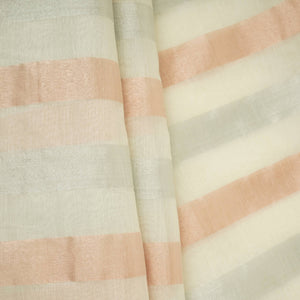 Off White with Multicolor stripes Chanderi Fabric CTF-31382 - TradeUNO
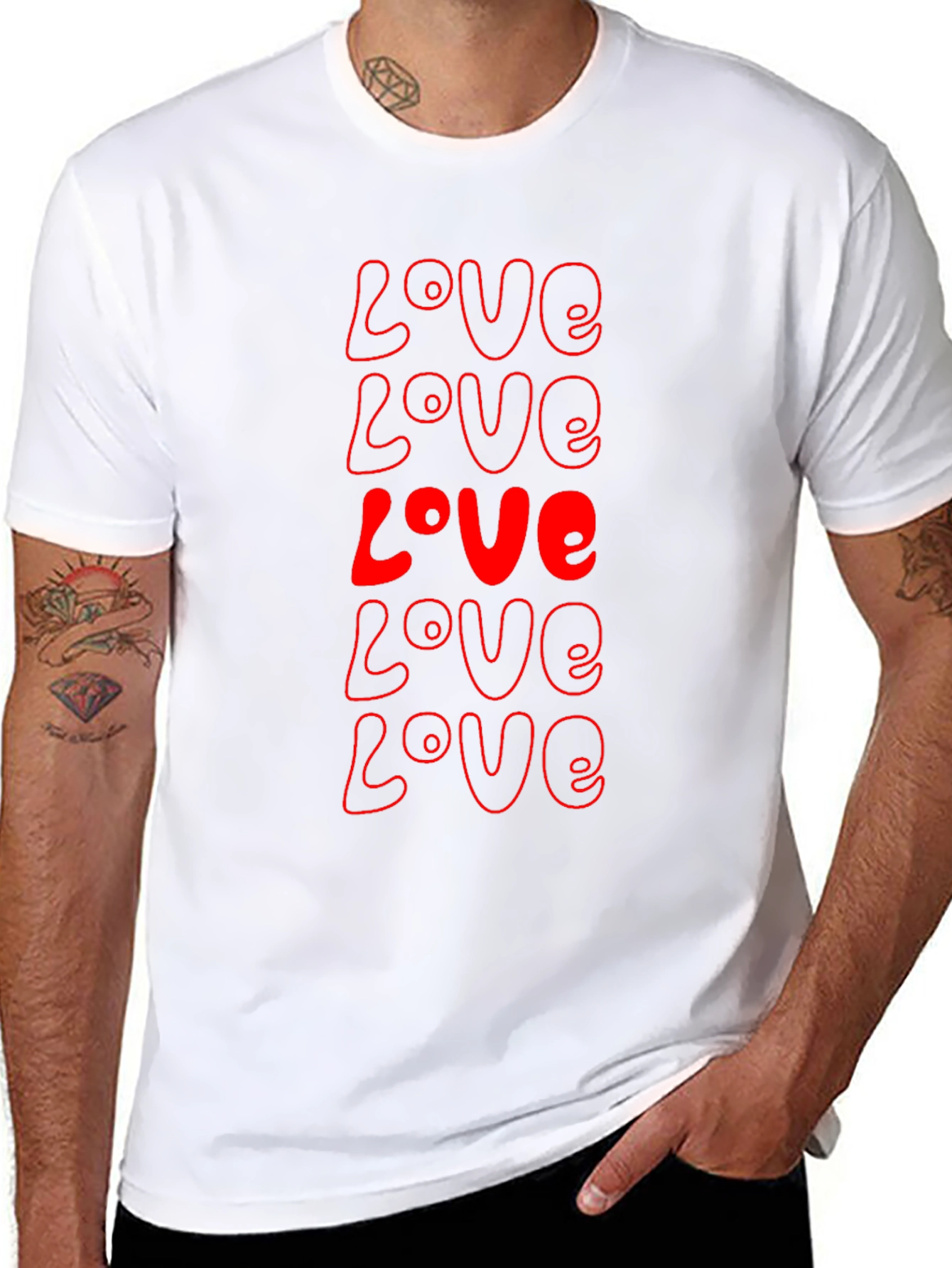 Red Love Print Black T-Shirt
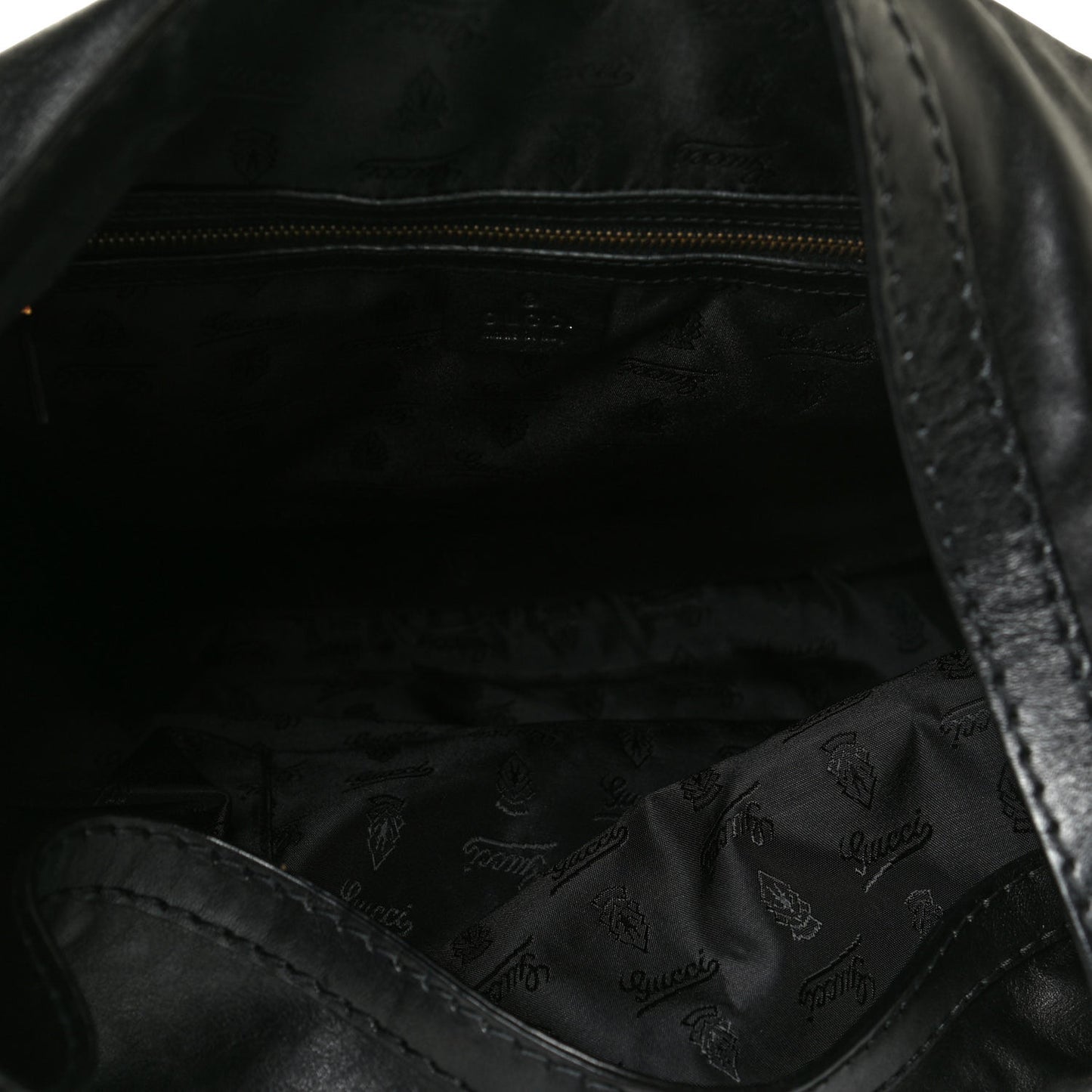 Calfskin Large Jockey Hobo Black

* _Directions_: A word-for-word repeat of the lines from the line with "Red Love Print Black T-Shirt" to the last line of the data, both ends included and pictures left out, is all that should appear.

* _Exercise solution_:
 Red Love Print Black T-Shirt
 Calfskin Large Jockey Hobo Black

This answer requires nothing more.